Task brief
Print every line of the records below exactly as it reads.

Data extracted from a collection

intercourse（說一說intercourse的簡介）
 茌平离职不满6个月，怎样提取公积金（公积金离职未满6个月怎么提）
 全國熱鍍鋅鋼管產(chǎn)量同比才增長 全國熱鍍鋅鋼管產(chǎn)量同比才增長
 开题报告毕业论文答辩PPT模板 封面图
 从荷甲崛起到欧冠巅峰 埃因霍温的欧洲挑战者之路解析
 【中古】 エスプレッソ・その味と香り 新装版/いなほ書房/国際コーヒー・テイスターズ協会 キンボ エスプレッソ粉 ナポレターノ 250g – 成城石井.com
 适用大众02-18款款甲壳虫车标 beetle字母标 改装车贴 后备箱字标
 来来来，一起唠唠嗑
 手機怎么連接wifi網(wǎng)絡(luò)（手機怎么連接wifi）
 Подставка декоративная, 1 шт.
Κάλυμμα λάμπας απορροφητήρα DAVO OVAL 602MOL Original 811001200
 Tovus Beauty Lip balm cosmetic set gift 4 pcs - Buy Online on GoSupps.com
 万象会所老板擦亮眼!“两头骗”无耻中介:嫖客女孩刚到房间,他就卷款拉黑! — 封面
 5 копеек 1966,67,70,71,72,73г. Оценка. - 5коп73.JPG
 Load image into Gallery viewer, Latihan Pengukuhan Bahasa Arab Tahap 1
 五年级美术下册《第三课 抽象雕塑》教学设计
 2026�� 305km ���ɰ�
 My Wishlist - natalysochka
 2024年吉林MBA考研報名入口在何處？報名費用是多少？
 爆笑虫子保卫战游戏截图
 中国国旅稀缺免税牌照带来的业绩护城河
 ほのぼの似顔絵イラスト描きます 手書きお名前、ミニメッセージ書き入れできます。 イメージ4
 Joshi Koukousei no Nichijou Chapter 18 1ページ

Response for this exercise
intercourse（說一說intercourse的簡介）
 茌平离职不满6个月，怎样提取公积金（公积金离职未满6个月怎么提）
 全國熱鍍鋅鋼管產(chǎn)量同比才增長 全國熱鍍鋅鋼管產(chǎn)量同比才增長
 开题报告毕业论文答辩PPT模板 封面图
 从荷甲崛起到欧冠巅峰 埃因霍温的欧洲挑战者之路解析
 【中古】 エスプレッソ・その味と香り 新装版/いなほ書房/国際コーヒー・テイスターズ協会 キンボ エスプレッソ粉 ナポレターノ 250g – 成城石井.com
 适用大众02-18款款甲壳虫车标 beetle字母标 改装车贴 后备箱字标
 来来来，一起唠唠嗑
 手機怎么連接wifi網(wǎng)絡(luò)（手機怎么連接wifi）
 Подставка декоративная, 1 шт.
Κάλυμμα λάμπας απορροφητήρα DAVO OVAL 602MOL Original 811001200
 Tovus Beauty Lip balm cosmetic set gift 4 pcs - Buy Online on GoSupps.com
 万象会所老板擦亮眼!“两头骗”无耻中介:嫖客女孩刚到房间,他就卷款拉黑! — 封面
 5 копеек 1966,67,70,71,72,73г. Оценка. - 5коп73.JPG
 Load image into Gallery viewer, Latihan Pengukuhan Bahasa Arab Tahap 1
 五年级美术下册《第三课 抽象雕塑》教学设计
 2026�� 305km ���ɰ�
 My Wishlist - natalysochka
 2024年吉林MBA考研報名入口在何處？報名費用是多少？
 爆笑虫子保卫战游戏截图
 中国国旅稀缺免税牌照带来的业绩护城河
 ほのぼの似顔絵イラスト描きます 手書きお名前、ミニメッセージ書き入れできます。 イメージ4
 Joshi Koukousei no Nichijou Chapter 18 1ページ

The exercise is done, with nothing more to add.